Catheter removal is usually essential in all cases of catheter-associated bloodstream infections, with the exception being some cases associated with Hickmans or Portacath catheters. Even with these, catheter removal is still essential if Staphylococcus aureus or candidal septicaemia occurs and strongly recommended if Gram negative bacilli (due to likelihood of treatment failure)are isolated from blood cultures.

If low virulence organisms such as coagulase-negative staphylococci are isolated, removal of the line itself may be sufficient to resolve the infection, but usually the patient is also treated with one week of intravenous antibiotics. If a Hickmans or Portacath is involved and is not removed, the patient is treated with two weeks of intravenous antibiotics. This may control the infection in80% of cases, however, if the bacteraemia or fever persist despite appropriate antimicrobial therapy, the central venous catheter must be removed.

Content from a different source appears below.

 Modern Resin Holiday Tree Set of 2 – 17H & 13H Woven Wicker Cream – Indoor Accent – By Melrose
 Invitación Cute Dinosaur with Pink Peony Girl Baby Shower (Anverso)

If bloodstream infection is suspected and the catheter is replaced, the new central venous catheter should not be passed over a guide-wire at the same vene puncture site. If it is, the new catheter will almost certainly be contaminated with the same organism (see Table 2 for further prevention issues).

While awaiting blood culture results, empiric therapy to cover staphylococci and Gram negative bacilli (i.e. vancomycin, or flucloxacillin in combination with an aminoglycoside) is the best initial treatment. The regimen may be modified once the pathogen is identified.

If Staphylococcus aureus is isolated, treat with antibiotics (e.g. flucloxacillin if sensitive) for a minimum of 14 days after catheter removal (4-6 weeks therapy if persistent fevers or a suspected distant focus of infection). If candida is isolated, treatment is generally with a triazole (e.g. fluconazole) for at least 14 days after the last positive blood culture. The fungal isolate should be fully identified, as species other than Candida albicans are often resistant to triazoles.

If the patient remains febrile after removal of the device, three sets of blood cultures should be obtained. Endocarditis or septic thrombophlebitis should be suspected if blood cultures remain positive for more than 48 hours after the device has been removed.

Table2

Prevention of catheter-related infection


Conclusion

Catheter-related sepsis is a common complication of modern medical therapy. Reduction of this complication may be achieved by minimising intravenous access. If there is no absolute need for intravenous access, remove the intravenous line. Use peripheral access rather than central venous catheters wherever possible. When central venous catheter access is necessary, use peripherally inserted venous catheters or tunnelled/implanted lines if possible. If bloodstream infections occur, removal of the intravenous line is essential, with only a few exceptions (Hickmans- or Portacath-associated bloodstream infections with low virulence organisms such as coagulase-negative staphylococci).

Further Reading

Raad I. Intravascular-catheter-related infections. Lancet 1998;351:893-8.

Self-test questions

The following statements are either true or false.

1. Removal of the catheter is necessary in patients with catheter-related bloodstream infections caused by Staphylococcus aureus.
2. Central venous catheters inserted at the subclavian site have a higher riskof infection than those inserted into the femoral vein.

Answers to self-help questions

1. True
2. False

References

  1. Collignon PJ. Intravascular catheter associated sepsis: a common problem. Med J Aust 1994;161:374-8.
  2. Managing bloodstream infections associated with intravascular catheters. Drug Ther Bull 2001;39:75-80.
  3. Crump JA, Collignon PJ. Intravascular catheter-associated infections. Eur J Clin Microbiol Infect Dis 2000;19:1-8.
  4. Maki DG, Weise CE, Sarafin HW. A semiquantitative culture method for identifying intravenous-catheter-related infection. N Engl J Med1977;296:1305-9.